今回はレジリエンスとは何か、ビジネスにおけるレジリエンスの意味や重要性、組織でどのように育てていくかについて、人事・マネジメントの視点を中心に解説します。人材育成にレジリエンスを取り入れたい人事担当者の方は、ぜひ参考にしてください。
目次
レジリエンスとは
レジリエンスとはポジティブ心理学の観点では回復力を意味する言葉です。具体的には、困難な問題や危険な状態、挫折、ストレスがあっても素早く立ち直れることを示します。
2013年のダボス会議でレジリエンスが取り上げられ、それ以降徐々にビジネスやスポーツの領域で注目を集めるようになりました。このレジリエンスが高いことで、過酷な状況でも対応しやすくなり、変化にも柔軟に対応しやすくなります。

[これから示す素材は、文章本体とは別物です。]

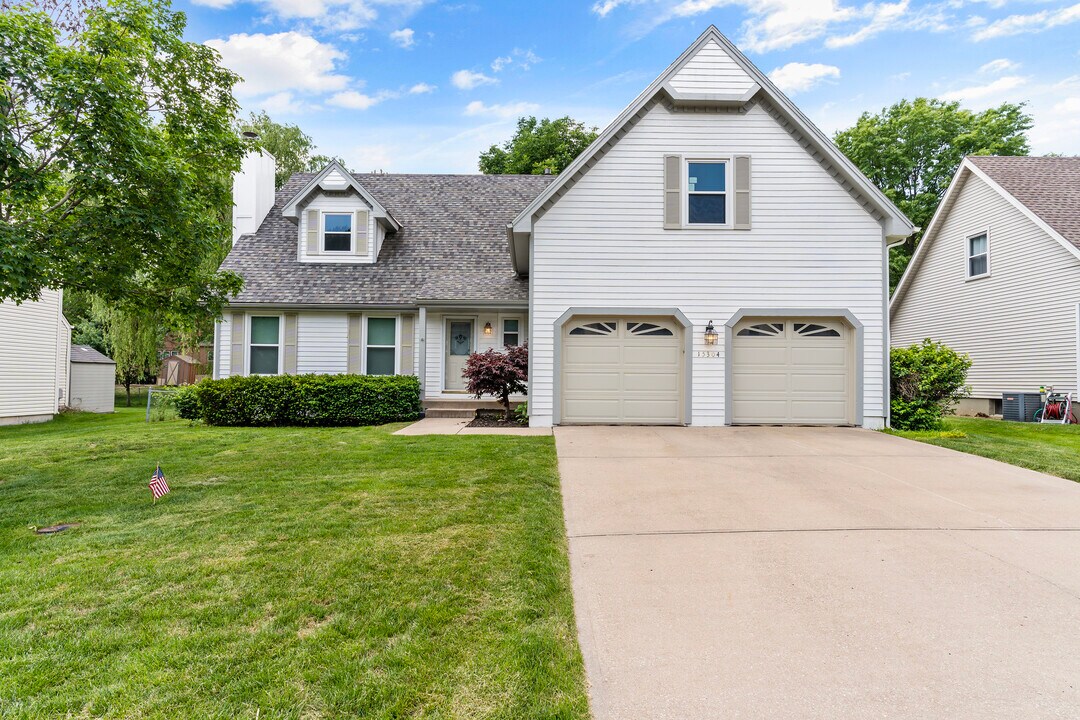15304 Foster in Overland Park, KS - Building Photo
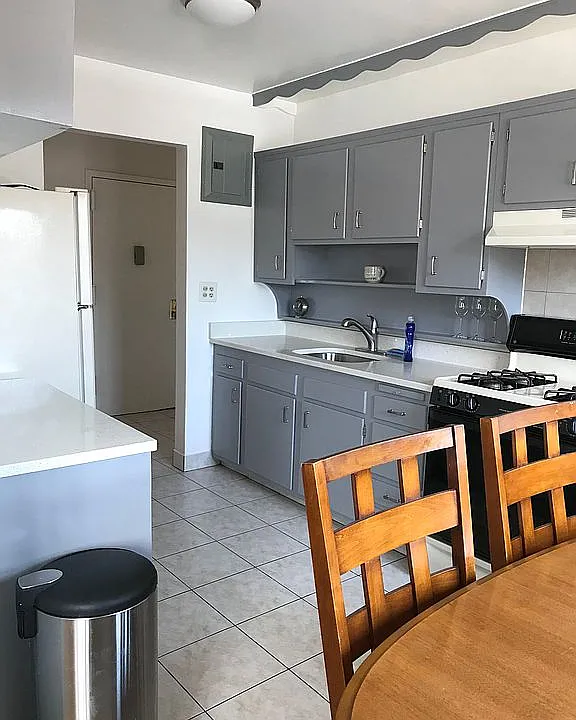 Apt2 Kitchen & Dining Rm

近年では、個人だけでなくチームや組織のあり方としても語られるようになり、レジリエンスは「変化に柔軟に対応しながら成果を生む力」として企業経営の文脈でも注目されています。
レジリエンスとストレス耐性との違い
「ストレス耐性」は外的要因への耐え忍ぶ力を意味しますが、「レジリエンス」はストレスをしなやかに受け止め、自分の価値観や感情を整理しながら前向きに行動を起こす力を指します。つまり、レジリエンスは単なる我慢ではなく、回復と成長の過程を含む適応力であり、現代のビジネス環境では、より能動的な対応ができる人材として評価されやすい特徴です。
レジリエンスと鈍感力との違い
「鈍感力」は気にしすぎずにスルーする力であり、他者の評価や環境の変化に対して感受性を抑えることで自己を守る側面があります。一方、レジリエンスは外部の刺激を受け止めた上で、それにどう向き合い、どう成長に転換するかに焦点を当てています。つまり、鈍感力は防御的な性質が強いのに対し、レジリエンスは自己理解と柔軟性によって積極的に課題に向き合う力です。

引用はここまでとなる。